### Exercise directions
Use the entries below and reproduce exactly the lines from the one containing "Gleason pattern 5 (WebPathology)" down to the one containing "Endogenous fluorescence Average", both of them included.

### Study material
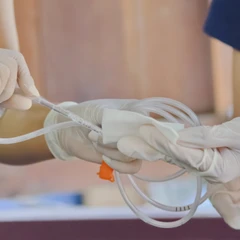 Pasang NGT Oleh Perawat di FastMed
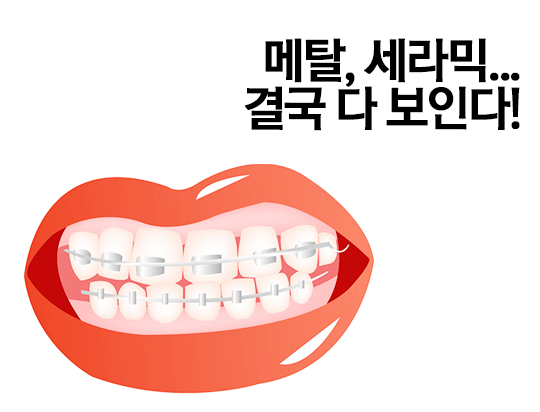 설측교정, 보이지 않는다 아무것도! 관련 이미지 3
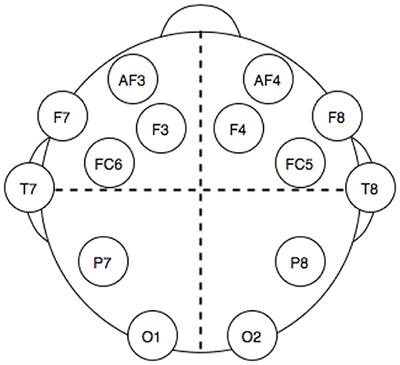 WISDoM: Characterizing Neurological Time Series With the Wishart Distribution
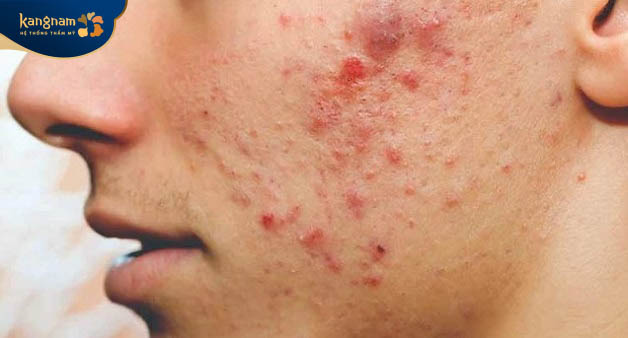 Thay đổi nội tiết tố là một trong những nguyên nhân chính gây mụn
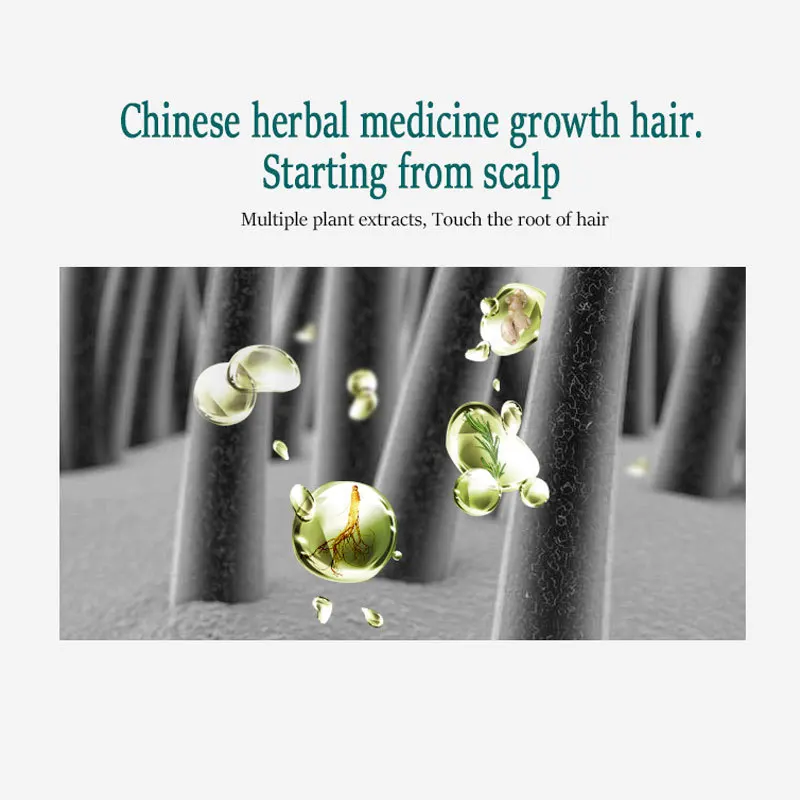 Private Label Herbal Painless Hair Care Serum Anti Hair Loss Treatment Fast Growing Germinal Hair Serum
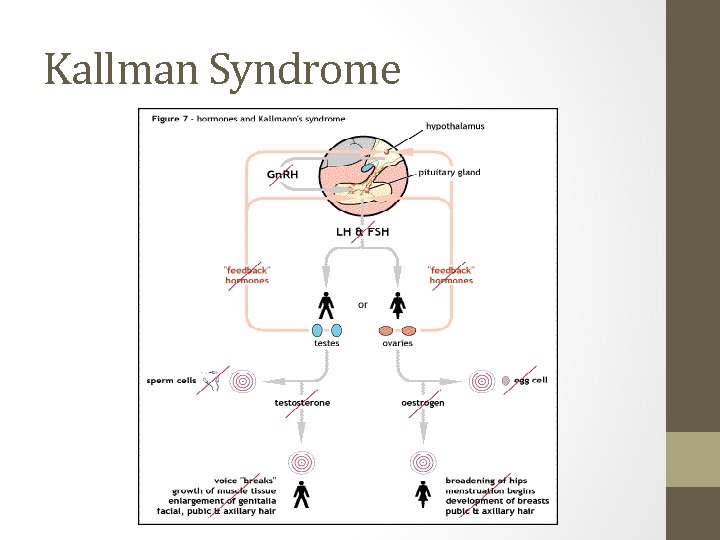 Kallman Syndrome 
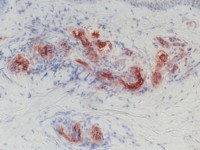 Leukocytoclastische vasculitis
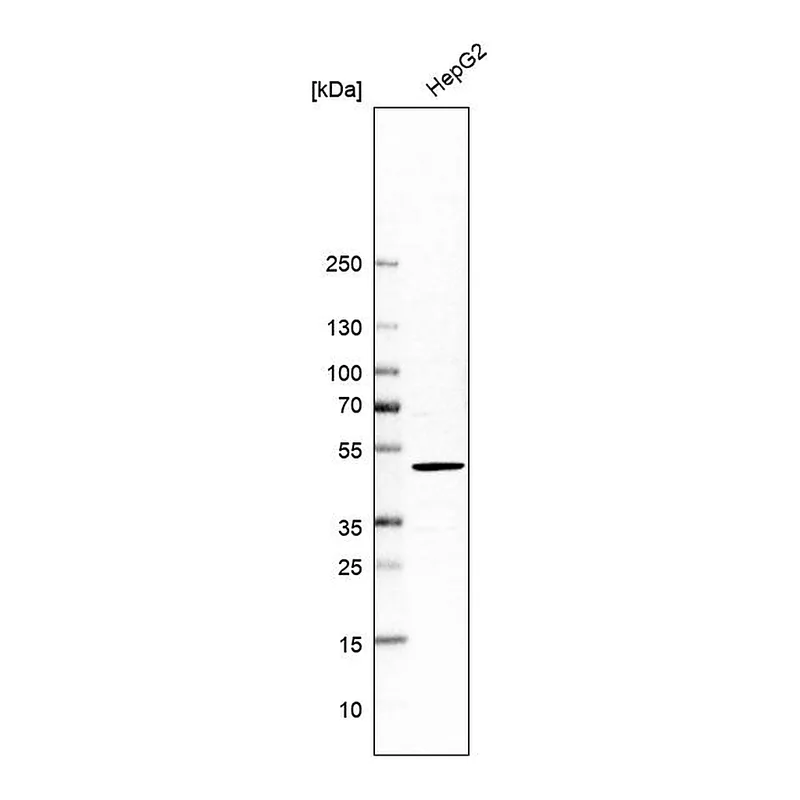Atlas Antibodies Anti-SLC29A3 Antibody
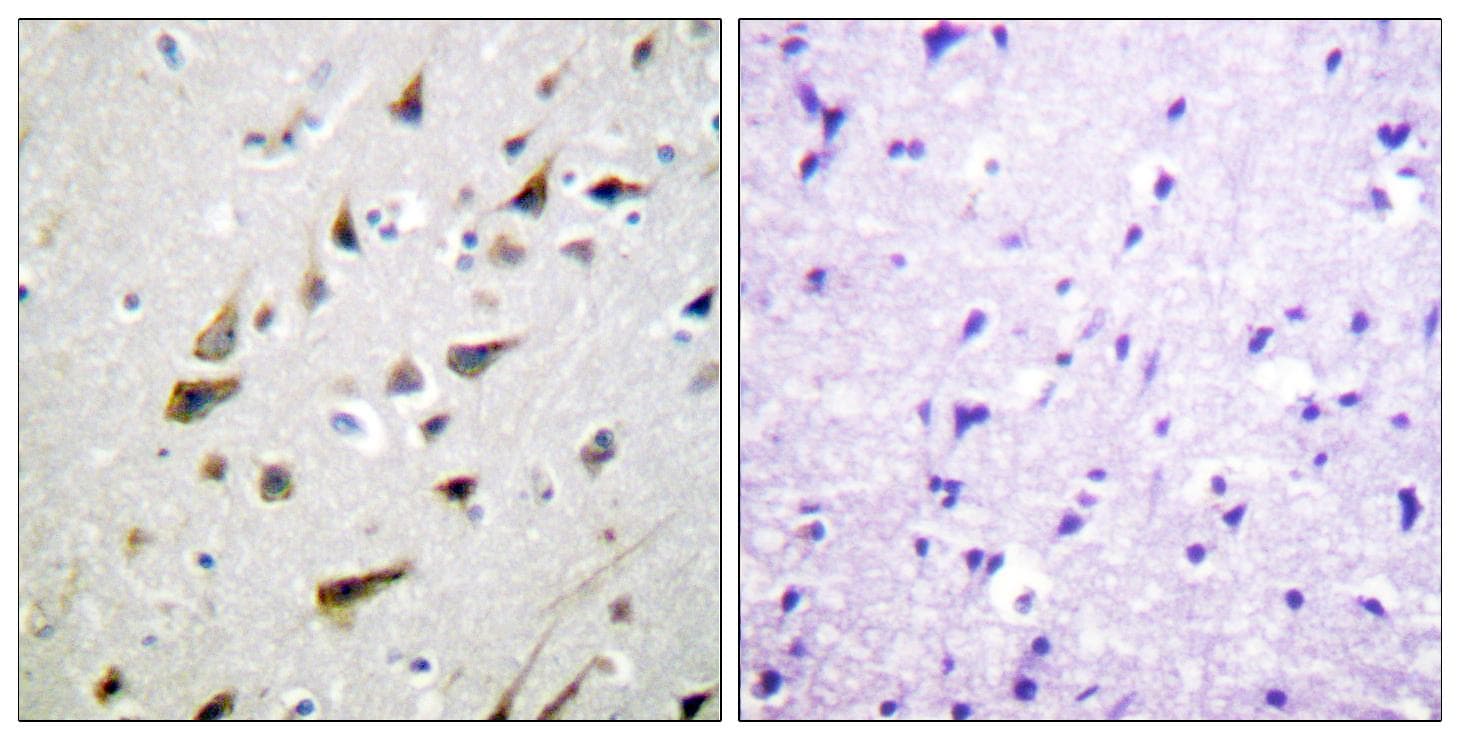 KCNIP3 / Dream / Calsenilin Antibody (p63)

==

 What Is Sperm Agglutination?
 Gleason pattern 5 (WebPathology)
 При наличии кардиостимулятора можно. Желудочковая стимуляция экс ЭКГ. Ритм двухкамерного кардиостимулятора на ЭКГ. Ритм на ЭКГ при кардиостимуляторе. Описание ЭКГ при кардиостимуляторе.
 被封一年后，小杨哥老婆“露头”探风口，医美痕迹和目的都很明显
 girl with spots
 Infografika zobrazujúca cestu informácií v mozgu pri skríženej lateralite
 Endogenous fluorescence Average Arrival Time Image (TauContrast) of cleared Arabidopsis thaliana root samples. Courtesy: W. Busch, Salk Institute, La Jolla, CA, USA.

### Problem solution
 Gleason pattern 5 (WebPathology)
 При наличии кардиостимулятора можно. Желудочковая стимуляция экс ЭКГ. Ритм двухкамерного кардиостимулятора на ЭКГ. Ритм на ЭКГ при кардиостимуляторе. Описание ЭКГ при кардиостимуляторе.
 被封一年后，小杨哥老婆“露头”探风口，医美痕迹和目的都很明显
 girl with spots
 Infografika zobrazujúca cestu informácií v mozgu pri skríženej lateralite
 Endogenous fluorescence Average Arrival Time Image (TauContrast) of cleared Arabidopsis thaliana root samples. Courtesy: W. Busch, Salk Institute, La Jolla, CA, USA.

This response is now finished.